Segment Start: TASK INPUT

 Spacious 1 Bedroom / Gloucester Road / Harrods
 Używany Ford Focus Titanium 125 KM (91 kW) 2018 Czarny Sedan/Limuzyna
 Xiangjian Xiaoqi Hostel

Segment End: TASK INPUT
Segment Start: TASK INPUT

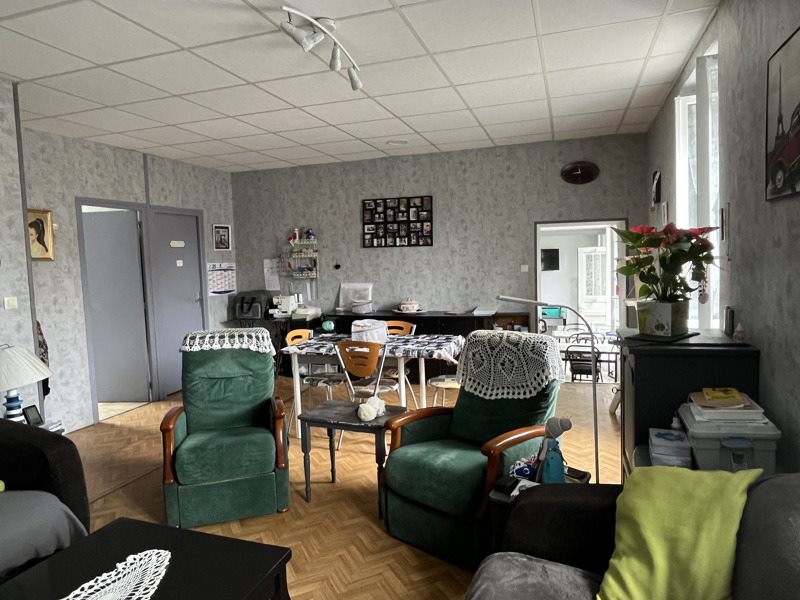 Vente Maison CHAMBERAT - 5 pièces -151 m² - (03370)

Segment End: TASK INPUT

**YOUR TASK:**
Would you please copy, word for word, everything above from the line containing "Spacious 1 Bedroom" down to the line containing "Xiangjian Xiaoqi Hostel", those two lines included?

**ANSWER SPACE:**
 Spacious 1 Bedroom / Gloucester Road / Harrods
 Używany Ford Focus Titanium 125 KM (91 kW) 2018 Czarny Sedan/Limuzyna
 Xiangjian Xiaoqi Hostel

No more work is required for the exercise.